#### [Task]
With the pictures left out, print exactly the lines below that run from the one containing "Once you check" through the one containing "Why should we".

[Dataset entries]

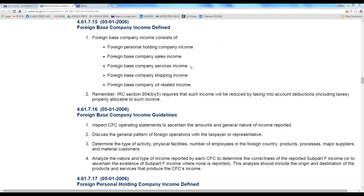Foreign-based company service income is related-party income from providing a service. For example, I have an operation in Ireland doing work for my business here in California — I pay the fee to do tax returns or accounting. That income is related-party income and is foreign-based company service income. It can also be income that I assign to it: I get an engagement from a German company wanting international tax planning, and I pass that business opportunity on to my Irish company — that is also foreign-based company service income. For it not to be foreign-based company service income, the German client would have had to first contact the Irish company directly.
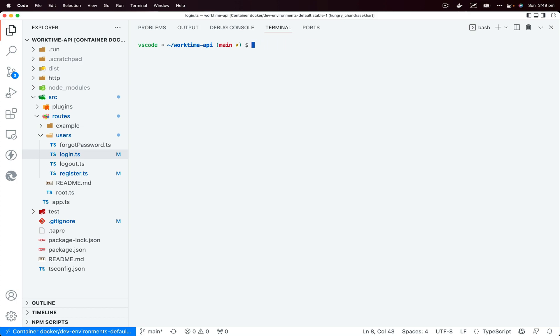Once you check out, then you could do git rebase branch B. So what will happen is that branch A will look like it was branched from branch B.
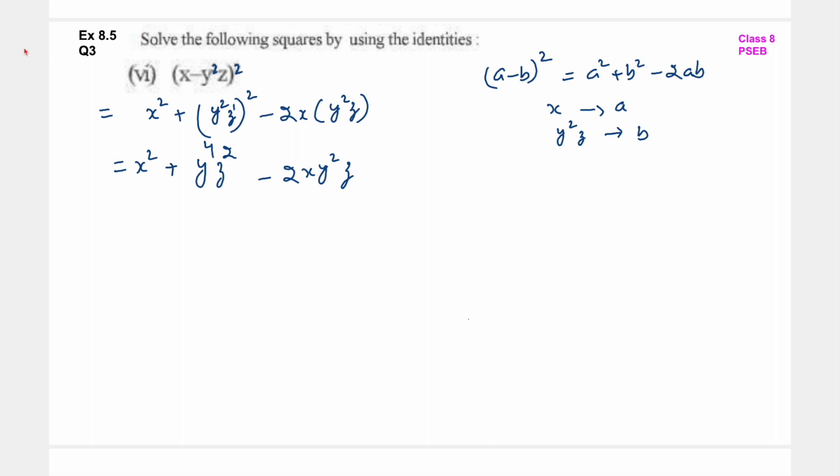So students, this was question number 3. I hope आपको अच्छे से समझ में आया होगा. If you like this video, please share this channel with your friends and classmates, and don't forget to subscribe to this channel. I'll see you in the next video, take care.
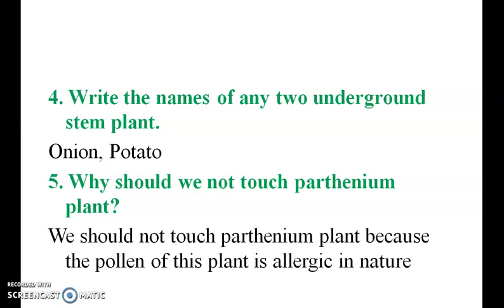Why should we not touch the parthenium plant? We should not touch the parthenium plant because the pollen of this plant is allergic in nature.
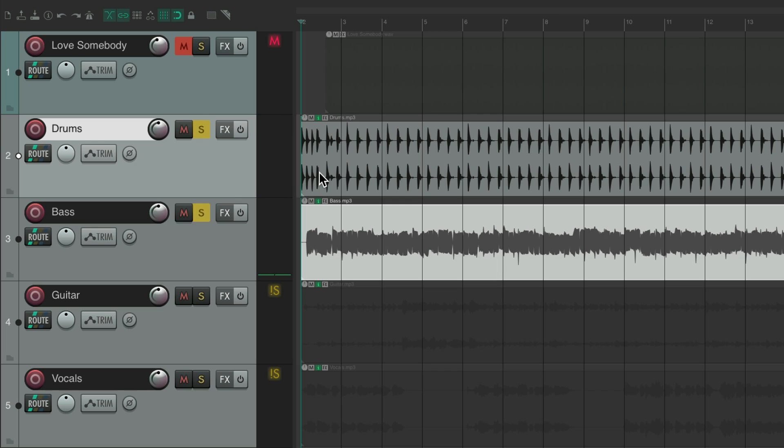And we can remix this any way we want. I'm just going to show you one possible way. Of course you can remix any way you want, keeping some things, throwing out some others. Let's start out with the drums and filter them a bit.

#### [Exercise response]
Once you check out, then you could do git rebase branch B. So what will happen is that branch A will look like it was branched from branch B.
So students, this was question number 3. I hope आपको अच्छे से समझ में आया होगा. If you like this video, please share this channel with your friends and classmates, and don't forget to subscribe to this channel. I'll see you in the next video, take care.
Why should we not touch the parthenium plant? We should not touch the parthenium plant because the pollen of this plant is allergic in nature.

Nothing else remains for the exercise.